Misfit City - Fallout 2

The second in Darkroom's trilogy of interwoven concert travelogues sees them shrunk to fit circumstances. 'Fallout 2' records those times when, due to the occasional absences of vocalist Tim Bowness, this unorthodox dark-ambient trio fell back on being a duo. The five lengthy live tracks here see Darkroom's sound entirely built up from Os' infinitely malleable, polluted ocean of electronic sounds and Michael Bearpark's heaven-and-hell masses of loop guitar.

Subtracting the singer should have meant removing the human face from Darkroom's activities, and forcing their music - with its hanging menace, dense atmospherics and chaotic leanings - further down the road to alienation. In fact, the opposite is true. Minus those fragmentary Bowness sighs, whispers and melodic wails, Darkroom relinquish some of their edge of romance and distress. But they also dispel a lot of the intimations of human disintegration, morbidity and panic that those beautifully tortured vocal tones brought to the project. In his absence, Darkroom is able to relax and experiment with a two-way balance instead of the three-way teeter they'd thrived on previously. Os and Michael sit back and play off each other - not in unison, but in a dialogue of occasional crossings and of deceptive, mock-disengaged responses.

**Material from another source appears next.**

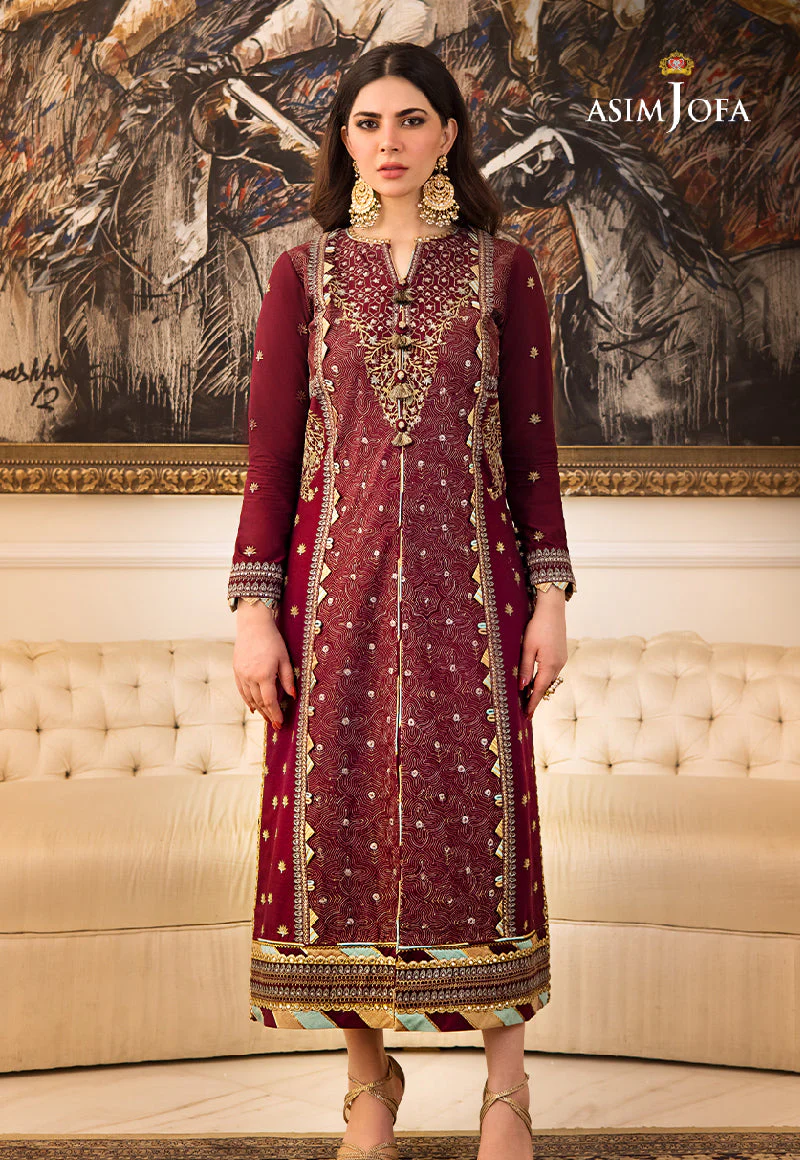 Asim Jofa Designers Limited Edition Ajzsd-10 Embroidered Poly Cotton 2 Pcs - Image 8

As with 'Fallout One', the two-man Darkroom continue to embrace instinctive wandering noise-stews rather than art-rock discipline. For this album, they're gentler brews - the first beginning with a serene duet of heaven-scented loop guitar and a windblown squiggle of pink noise. Released from some of his duties as textural foil, it's Michael who now gives the music its anchors - cyclic calling phrases, sometimes humming confections of layered Frippertronic-like loops, sometimes space-echoed licks, sometimes a sound like someone wrenching their way out of a giant metal tank. Os, as usual, takes responsible for most of the layers of sonic detail and for the most drastic directional shifts within Darkroom's ever-restless improvisations.

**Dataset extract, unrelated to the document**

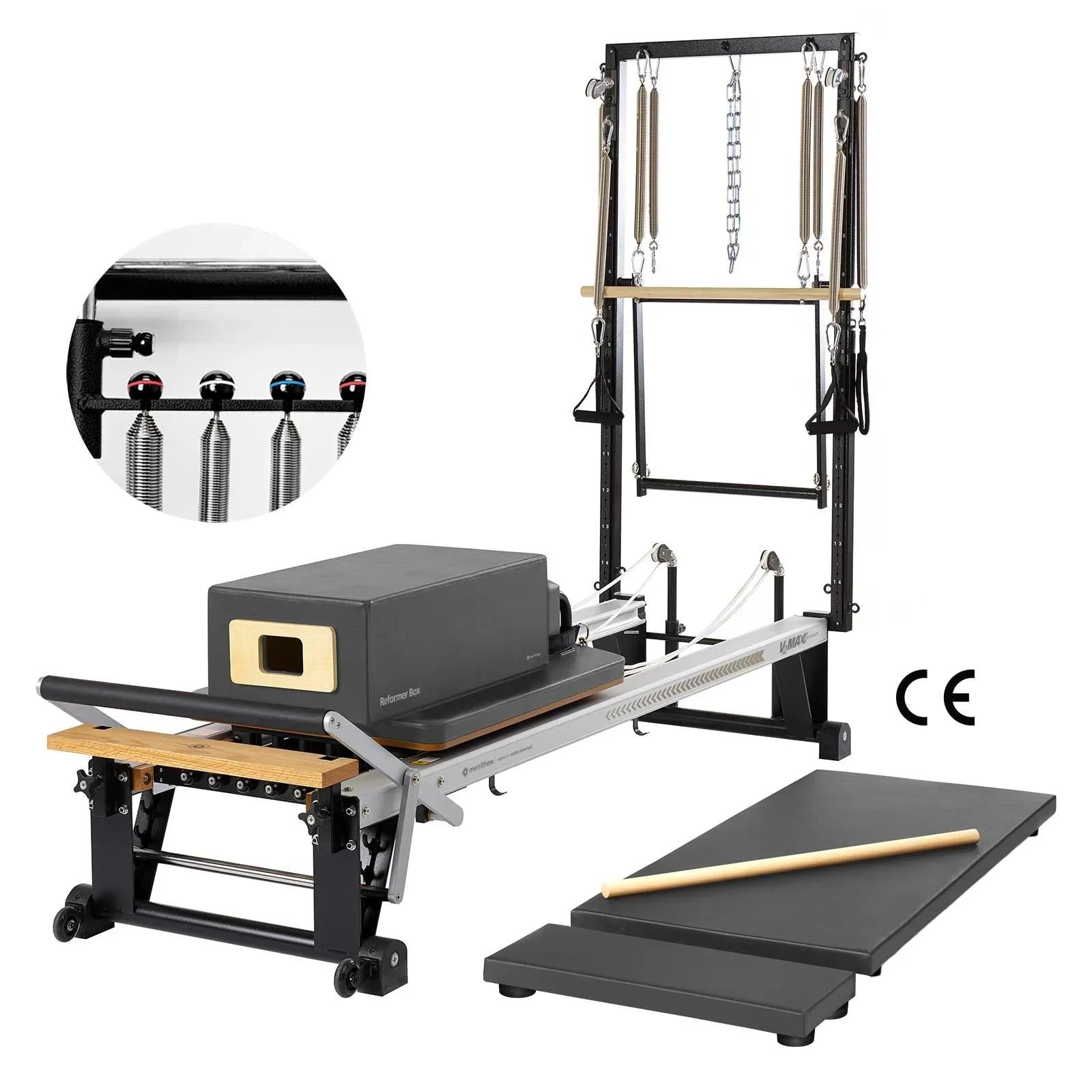 Merrithew™ Pilates V2 Max Plus™ Reformer Bundle with HPGB Pilates Bundle Merrithew Gunmetal Gray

Os' increasing plunderphonic tendencies (linking and threading pieces with snippets of international radio conversation, Cambridge choristers, muezzin calls) prove that behind his responsibilities for the body of Darkroom's sound, he's also the joker in the Darkroom pack. He dials up effects and textures from a vast trickbag of electronic sounds which he then sloshes across the speakers and leaves to evolve. His rhythms, too, betray a sense of cool, amused mischief. He'll stitch in trails of techno beats, or hijack a piece five-and-a-half minutes in with jazzy cymbals and toms drenched in flapping dub treatments. He'll even drop in the occasional comedy drum wallop to accompany some blooping synth sounds apparently stolen off a kiddy-ride in a shopping center. Inscrutable humour aside, he also assembles a remarkable variety of imposing psychedelic cadences, static veils and suggestive electrophonic shapes to flesh out Darkroom's randomness.

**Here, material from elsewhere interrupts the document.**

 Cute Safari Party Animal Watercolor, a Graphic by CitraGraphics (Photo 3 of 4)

Though Michael Bearpark's playing still owes a debt to Robert Fripp (via the "Bearatronics" loops and occasional digressions into trumpet-guitar), he's far less formally-minded. And while you could also draw parallels to the mangled roots sounds David Torn uses in his sPLaTTeRCeLL project, Michael is a far more reticent, distant and watchful guitarist: less flamboyant, but similarly eclectic. Across the album he comes up with the kind of junkyard guitar that Marc Ribot would be proud of, or treats us to yanks and scrabbles of twanging guitar in the vein of Henry Kaiser or Fred Frith. He unwinds collapsing, Spanish-guitar-style electric rolls; or feeds in the Bill Frisell-influenced ghost-country minimalism that he's increasingly stamped onto Darkroom music. Os responds with gusty, gauzy swirls of noise, or busies himself chopping up the sound even as Michael enriches it.

It's co-operation of a kind, I suppose. Sometimes the Bearpark/Os interplay is gloriously subtle; more often, they're engaged in a game of reverse-chicken in which they seem to be seeing just how far they can wander from each other's playing before Darkroom collapses, adding a kind of free-jazz risk to the elements of illbience, Krautrock and musique concrete that already flourish in the group's sound. Darkroom's abstract shapelessness - or, more accurately, their indifference to and boredom with the monotonous formality of much electronic music - seems to put a lot of people off, but their loosely-knit and liberated music still has few rivals or peers in electronica.